A souffle is a baked egg-based dish that originated in France in the early 18th century. The word souffle comes from the French word souffler, which means “to breathe” or “to puff.” Egg whites beaten to a soft peak give the dish lift or puffiness. Souffles are typically baked in individual ramekin dishes or larger souffle dishes and will be slightly wobbly and pudding-like in the center when removed from the oven. Savory souffles such as ones containing cheese, herbs, vegetables, or meat can be served as an entrée. Sweet varieties like ones with chocolate or fruit are served as dessert and possibly with ice cream or sauce.
Recipe Servings: 6
Ingredients
- ¼ cup and 2 Tbsp Parmigiano-Reggiano cheese, freshly grated and divided
- 3 Tbsp unsalted butter
- 3 Tbsp all-purpose flour
- 1¼ cups heavy cream
- 4 large eggs, separated
- 3 large egg whites
- 3 Tbsp dry sherry
- 6 oz (2 cups, packed) Gruyere cheese, shredded
- 2 Tbsp sour cream
- 1¼ tsp kosher salt
- 1 tsp Dijon mustard
- ½ tsp dry mustard
- ¼ tsp cayenne pepper
- ¼ tsp cream of tartar
Directions
- Preheat the oven to 375°F. Grease a 1 ½-quart souffle dish and coat it with 2 tablespoons of Parmigiano cheese.
- Melt the butter in a medium saucepan and stir in the flour to make a paste.
- Whisk in the cream and bring it to a boil over medium heat while whisking.
- Reduce the heat to low and cook, while whisking, for about 3 minutes or until very thick.
- Transfer the mixture to a large bowl and let it cool.
- Stir in the egg yolks, sherry, Gruyere, sour cream, salt, Dijon mustard, dry mustard, cayenne, and ¼ cup Parmigiano.
- Combine all seven egg whites and the cream of tartar in a separate bowl.
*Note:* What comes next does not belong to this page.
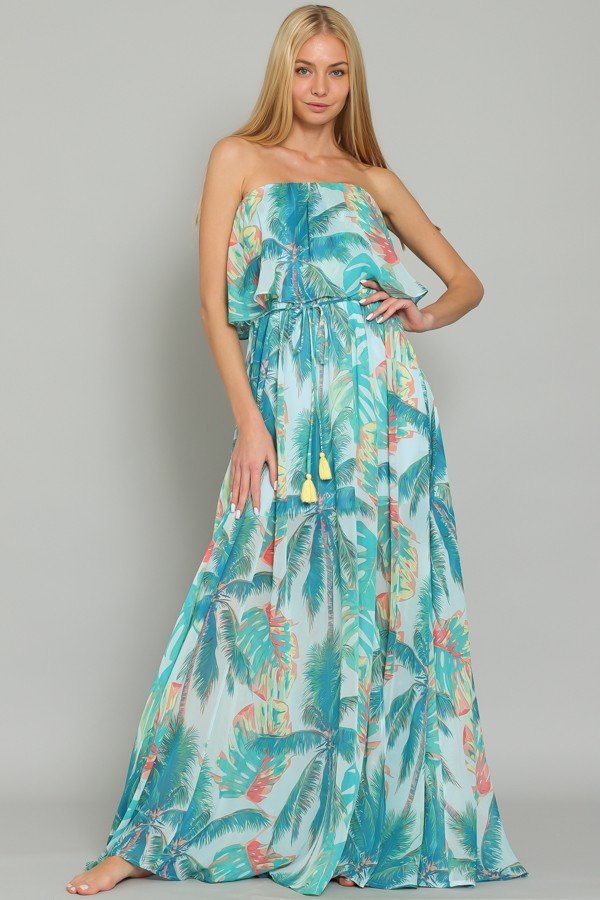 ISLAND LIFE MAXI DRESS from Raggdoll Boutique, perfect for summer outfits Texas, featuring a tropical print design.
Beat the mixture using an electric mixer until firm peaks form.
- Fold a third of the egg whites into the yolk mixture to lighten it and then fold in the rest until no streaks remain.
- Pour the mixture into the prepared dish and run a finger around the inside of the rim to wipe away any batter.
- Bake the souffle for about 35 minutes or until it is golden-brown and puffed up.
- Remove the souffle from the oven and serve it immediately.